— Exercise goal —
Retype every line from the start of the entries below down to the line with "You ever wonder", both ends included; skip the pictures.

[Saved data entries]
%%

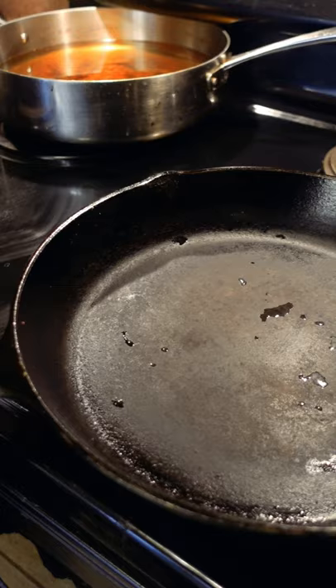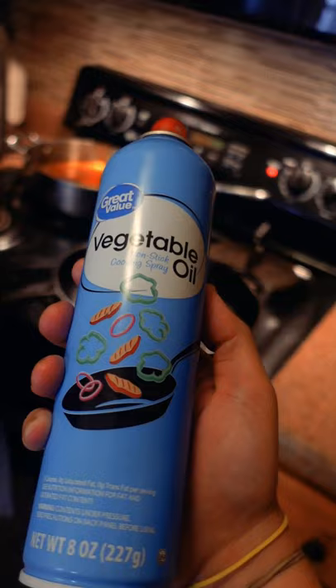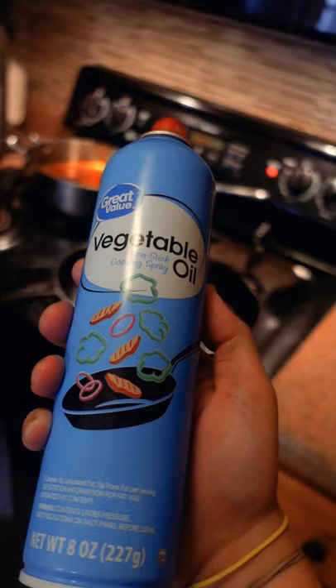You can totally do that, or do what I do. Use pan spray on your pan by spraying it, put it over high heat until it starts smoking, turn it off, and then get on with your life. Ideally, you do this after every use to build the layers.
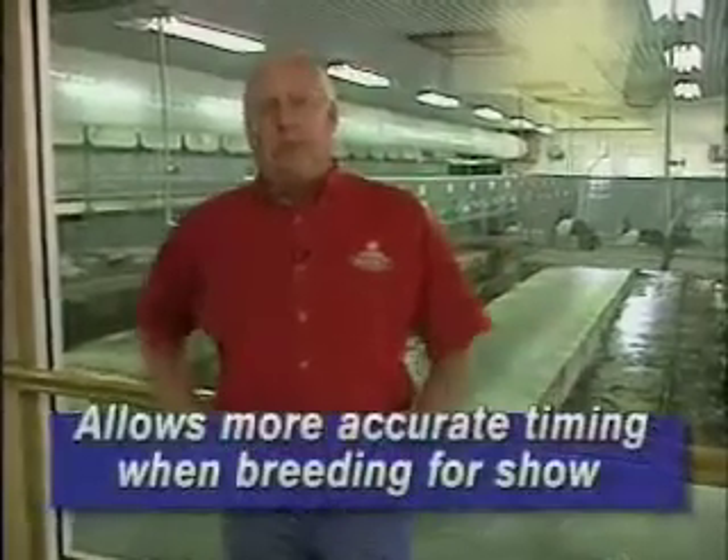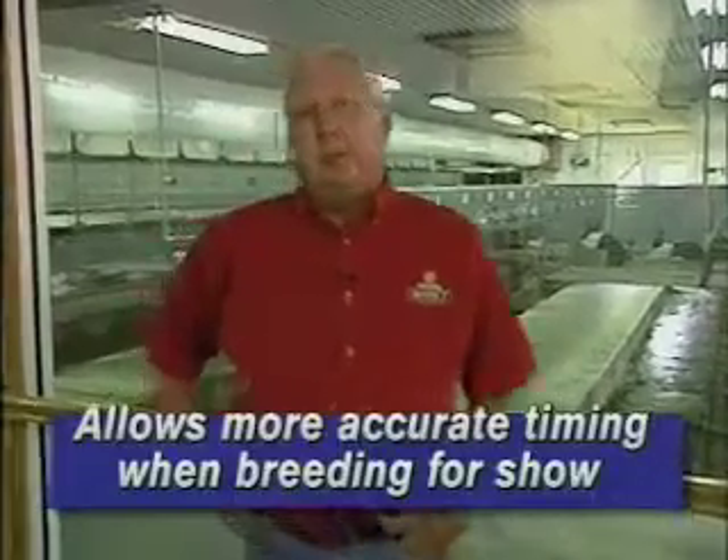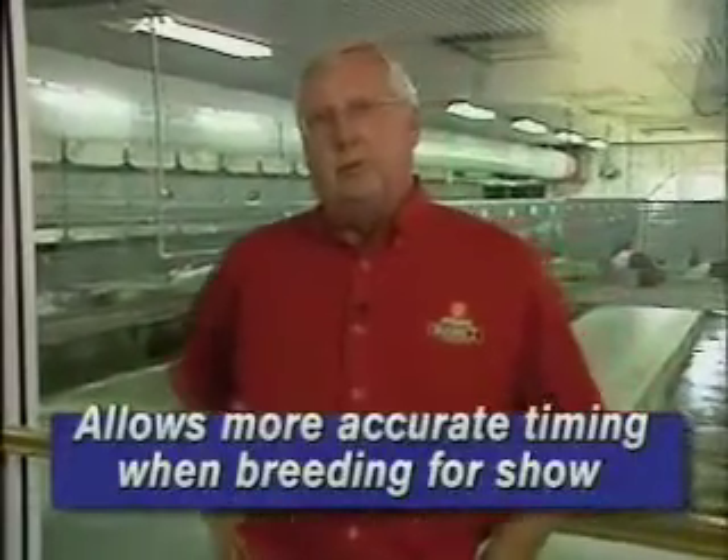And if you're a show type person and you want to breed a doe for a particular show, this gives you a better opportunity to have some young for your junior classes and your shows.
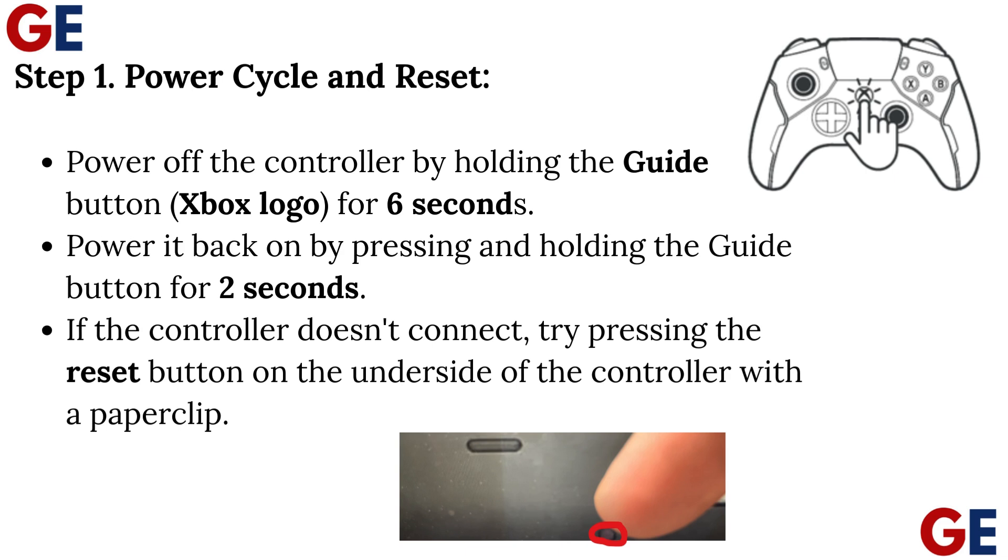Power off the controller by holding the guide button (Xbox logo) for 6 seconds. Power it back on by pressing and holding the guide button for 2 seconds. If the controller doesn't connect, try pressing the reset button on the underside of the controller with a paperclip.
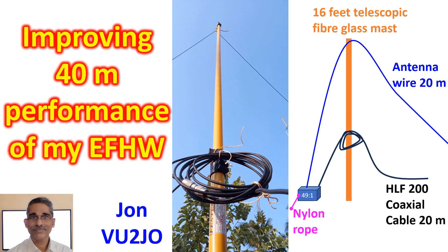First, I removed the counterpoise wire which had been connected to the ground outside my shack. Secondly, I lowered the position of the balun to about 10 feet from the ground and anchored it to my compound wall fence with a nylon rope of about 2m length, so that it was away from the iron frame of the compound fence.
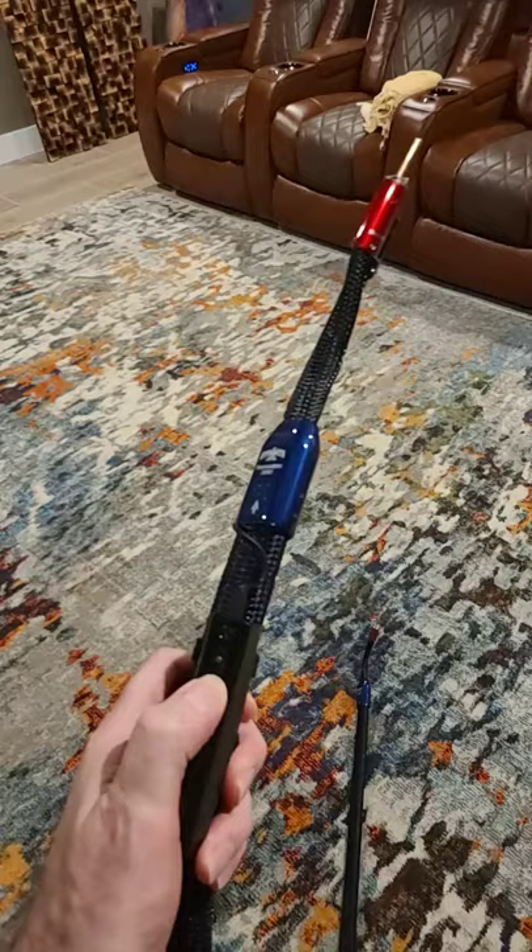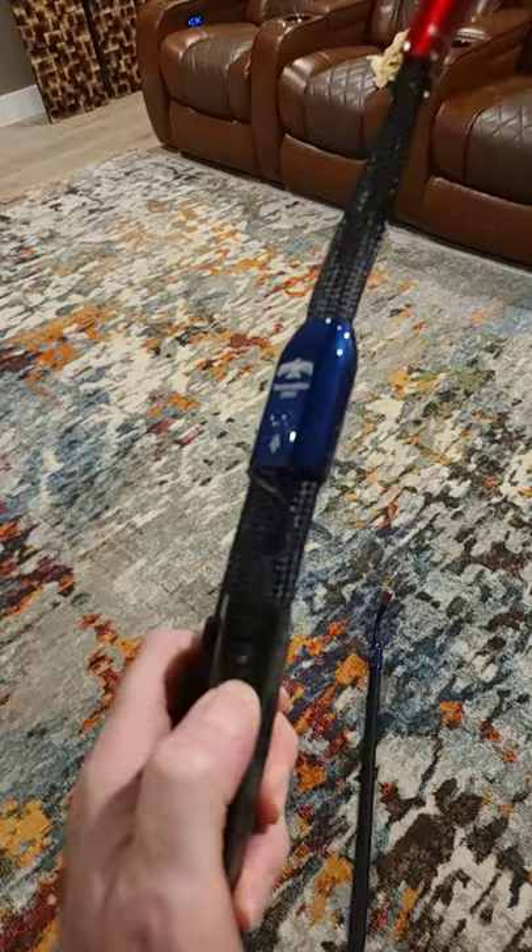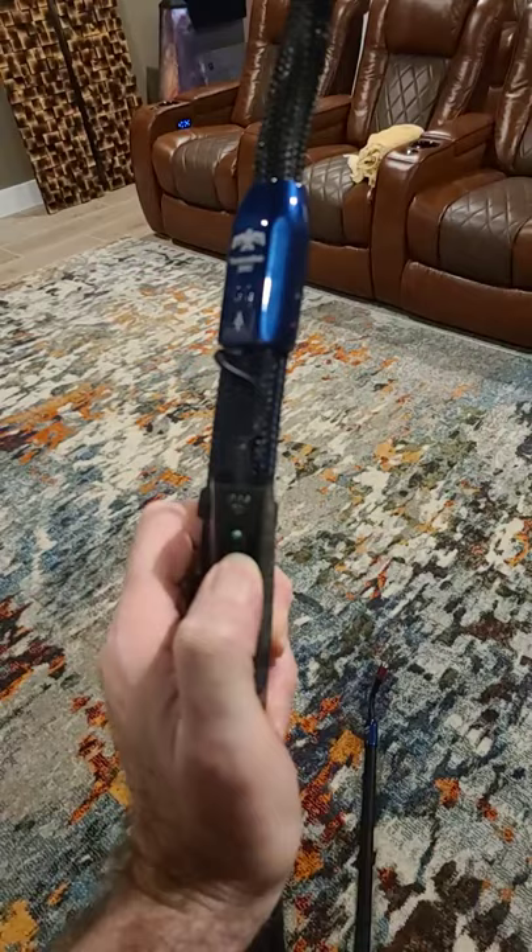You ever wonder what fancy cables like this actually do to your signal? This particular speaker cable actually comes with a battery pack, and when you press it, the little light lights up. Ooh, nice and shiny.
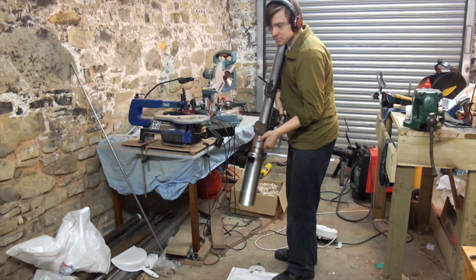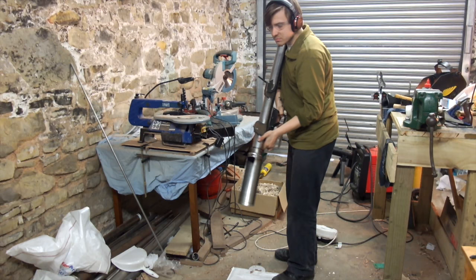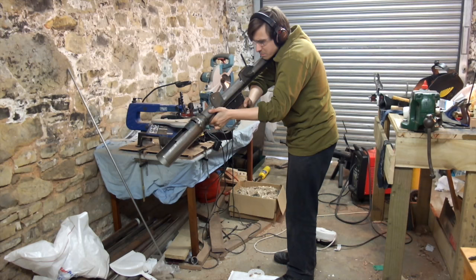As you can see with this prototype, as it fires the shell it also ejects out the front. I suspect I'll have to remove that feature for the production version, but it's quite a nice feature for the prototype as it allows you to reload a little bit faster.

%%

— Result —
You can totally do that, or do what I do. Use pan spray on your pan by spraying it, put it over high heat until it starts smoking, turn it off, and then get on with your life. Ideally, you do this after every use to build the layers.
And if you're a show type person and you want to breed a doe for a particular show, this gives you a better opportunity to have some young for your junior classes and your shows.
Power off the controller by holding the guide button (Xbox logo) for 6 seconds. Power it back on by pressing and holding the guide button for 2 seconds. If the controller doesn't connect, try pressing the reset button on the underside of the controller with a paperclip.
First, I removed the counterpoise wire which had been connected to the ground outside my shack. Secondly, I lowered the position of the balun to about 10 feet from the ground and anchored it to my compound wall fence with a nylon rope of about 2m length, so that it was away from the iron frame of the compound fence.
You ever wonder what fancy cables like this actually do to your signal? This particular speaker cable actually comes with a battery pack, and when you press it, the little light lights up. Ooh, nice and shiny.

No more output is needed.